As a panelist today at an entrepreneurial forum I was asked a very interesting question by a member of the audience, “how do you know when it is the right time to pull the plug?” Not only a timely question given the current market conditions, but a great question that any entrepreneur should consider fairly early on in the development of a new company.
The obvious answer is when you run out of money and in many cases that is a reality, but many companies should have enough data and market insight to wind down a company well in advance of depleting their bank accounts.
Relationships with investors (regardless of family, friend, angel or VC) should be considered long term opportunities. One of the panelists presented a great story about an entrepreneur friend who was able to return about 70% on the dollar back to the group of investors once the entrepreneur realized that the business was not going to succeed. Although I am sure all parties would have preferred a more positive outcome, the entrepreneur was able to establish trust and credibility with the investors. This trust allowed the entrepreneur to raise funds from the same group of investors a few years later for a new venture because they understood this entrepreneur was a good steward of their money.
The story also highlights another important concept; most entrepreneurs are serial entrepreneurs and will have many ideas through the course of their life. The greatest success an entrepreneur can have with their first venture is that they learn to be a successful entrepreneur.

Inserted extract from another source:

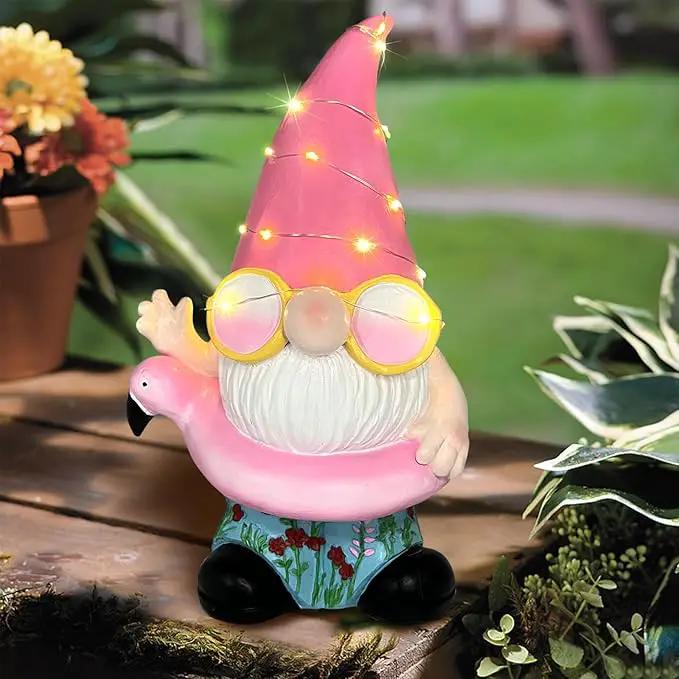 BAYN Garden Gnome Statues Outdoor Decor, Solar Powered Outdoor Gnome with Flamingo Swimming Decorative Yard Garden Lights Art Gifts with 11 Warm White LEDs by GreenHaven Gardens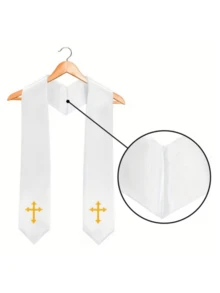 1pc Embroidered Pastor Shawl, White Traditional Church Choir Shawl With Embroidered Cross, Men's Wedding Officiant Pastor Robe Accessory, Halloween Costume Accessory - A - View 4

There will be many opportunities to make money so the primary focus in not money but understanding how to develop an idea into a successful company.
Getting back to the issue at hand, pulling the plug is a decision that should take into consideration: (1) What is both the short term and long term impact to the entrepreneur/investor relationship – will the entrepreneur be viewed as a good or poor steward of investor’s money. (2) If a strategic change of direction is possible, is it one that will provide a return on capital equal to or greater than the terms of the original deal? (3) Is there adequate capital to turn the direction of the company or is it better to start over and return what funds are left? (4) Are these changes something that my current investors will support? (5) Am I (the entrepreneur) being honest with myself about what lies ahead?
With no doubt winding down a company is one of the most painful and important decisions an entrepreneur must make, but it is one that can produce a positive outcome with some planning, discipline and honesty.